Marseille : des policiers enfilent des tenues musulmanes… pour arrêter un dealer
Publié le : Modifié le :
Un homme soupçonné d’être un dealer a été interpellé mercredi 1er février à Marseille par deux policiers vêtus d’un kamis blanc et d’un jilbab noir — des tenues traditionnelles musulmanes — qui ont ensuite été aidés par un troisième agent en uniforme. La scène a été filmée et diffusée sur les réseaux sociaux, où l’on s’interroge : cette technique est-elle vraiment loyale ?
L’arrestation s’est déroulée dans le quartier de la Bricarde, dans le 15e arrondissement de Marseille, dans le nord de la ville. L'un des deux policiers apparaissant dans la vidéo est vêtu d'un kamis, un vêtement long porté par certains hommes musulmans. L'autre porte un jilbab, une longue robe couvrant le corps et la tête des femmes.
Diffusée sur Snapchat, la vidéo a ensuite été relayée sur Twitter :
Vidéo hallucinante montrant deux policiers déguisés en "musulmans" pour arrêter un jeune de Marseille, dans le quartier de La Bricarde. pic.twitter.com/XbxdotVMRR
Dans le quartier, nombre d’habitants n’ont guère apprécié la technique utilisée par les policiers, à l’image de Wassim (pseudonyme), contacté par France 24 :
C’est la première fois que j’entends parler d’une telle technique. Je trouve qu’il n’est pas correct que les policiers se fassent passer pour des musulmans afin d’arrêter quelqu’un, même s’il n’y a pas vraiment de règles quand on joue au chat et à la souris. Ils auraient pu être en civil, tout simplement, sans forcément se faire passer pour des musulmans.
Par ailleurs, certains habitants n’auraient pas apprécié le fait que cela renverrait l’image de banlieues où "il n’y aurait que des musulmans", selon l’internaute qui a relayé la vidéo sur Twitter : "Cela donne l’impression qu’il faut forcément être musulman ou ressembler à un musulman pour s’y fondre." Par ailleurs, toujours selon cet internaute, cela "peut créer un climat de méfiance vis-à-vis de ceux que les policiers ont cherché à imiter".

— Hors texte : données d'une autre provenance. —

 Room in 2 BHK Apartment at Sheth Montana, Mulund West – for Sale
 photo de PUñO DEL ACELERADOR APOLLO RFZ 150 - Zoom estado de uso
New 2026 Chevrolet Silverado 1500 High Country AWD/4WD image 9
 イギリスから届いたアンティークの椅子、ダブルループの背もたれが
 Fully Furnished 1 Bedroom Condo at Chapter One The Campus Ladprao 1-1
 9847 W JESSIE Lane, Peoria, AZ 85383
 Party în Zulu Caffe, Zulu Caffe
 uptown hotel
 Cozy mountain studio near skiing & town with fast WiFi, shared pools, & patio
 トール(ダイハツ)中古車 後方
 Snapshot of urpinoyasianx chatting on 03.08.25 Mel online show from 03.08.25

Un moyen de "se fondre dans la masse"
En revanche, certains habitants du quartier estiment que cette technique particulière est un "mal pour un bien", à l’image de Clara (pseudonyme), contactée par France 24 :
Dans les quartiers, il y a des guetteurs qui alertent les dealers quand les policiers arrivent. Ils arrêtent aussi parfois les personnes qu’ils ne connaissent pas. Du coup, je pense que le fait de se fondre dans la masse, pour ne pas attirer l’attention, est une bonne méthode pour essayer d’attraper les trafiquants.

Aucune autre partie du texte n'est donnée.